> _Data provided_
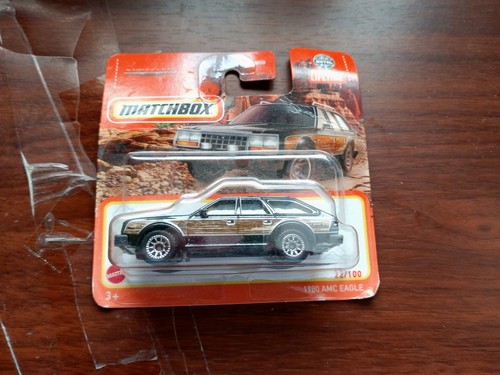 Matchbox 1980 amc eagle - amc,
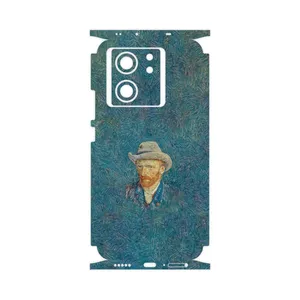 MAHOOT Self portrait with a gray felt hat-FullSkin Cover Sticker for Xiaomi 13T Pro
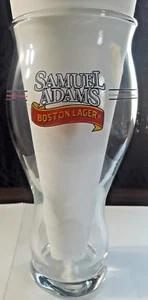 Samuel Adams Boston Lager tall beer glass 6.5" tall  - Imagen 1 de 2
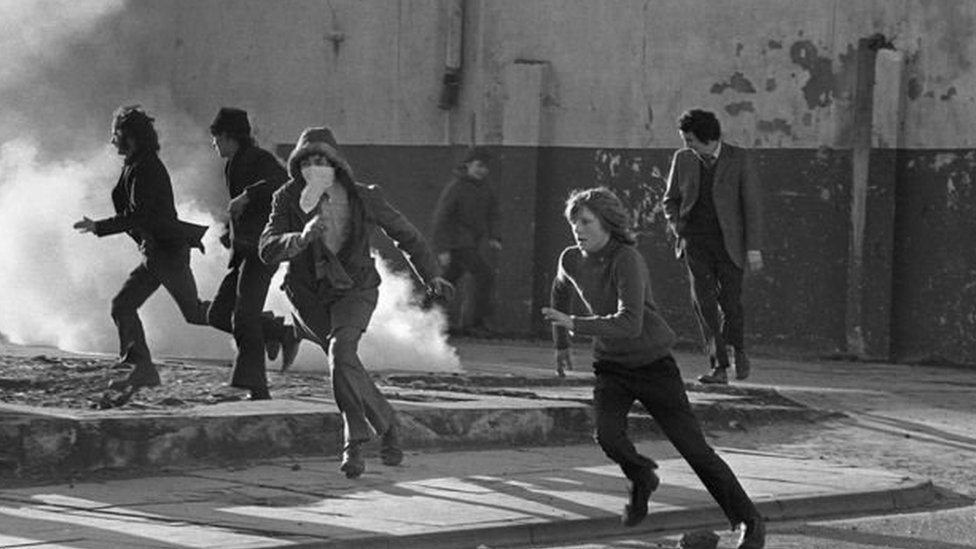 الباحثون درسوا الاضطربات في أيرلندا الشمالية التي وقعت في القرن الماضي قبل وضع نموذجهم البحثي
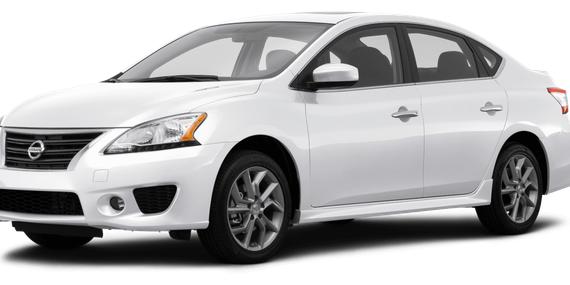 NISSAN SENTRA 2014 3N1AB7AP1EY218922 image
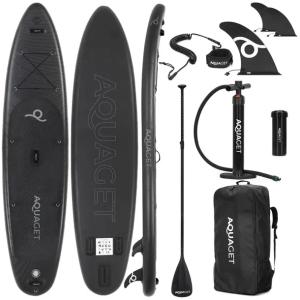 Deska pompowana do pływania SUP 350 cm paddleboard komplet z wiosłem i wypo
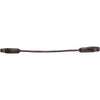 Dyon Browband Braided Brown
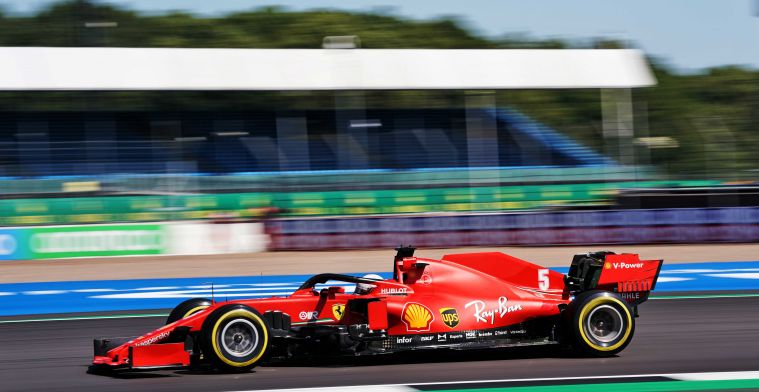 Problem with intercooler for Vettel, driver skips FP1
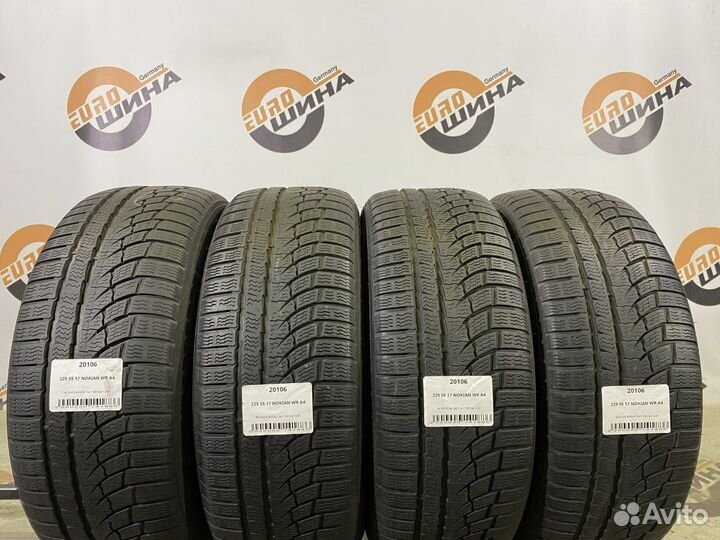Nokian Tyres WR A4 225/55 R17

> _Task to carry out_
Your reply should consist solely of the lines from the one containing "Deska pompowana do" through the last line of the material, reproduced exactly and without pictures.

> _Exercise result_
 Deska pompowana do pływania SUP 350 cm paddleboard komplet z wiosłem i wypo
 Dyon Browband Braided Brown
 Problem with intercooler for Vettel, driver skips FP1
Nokian Tyres WR A4 225/55 R17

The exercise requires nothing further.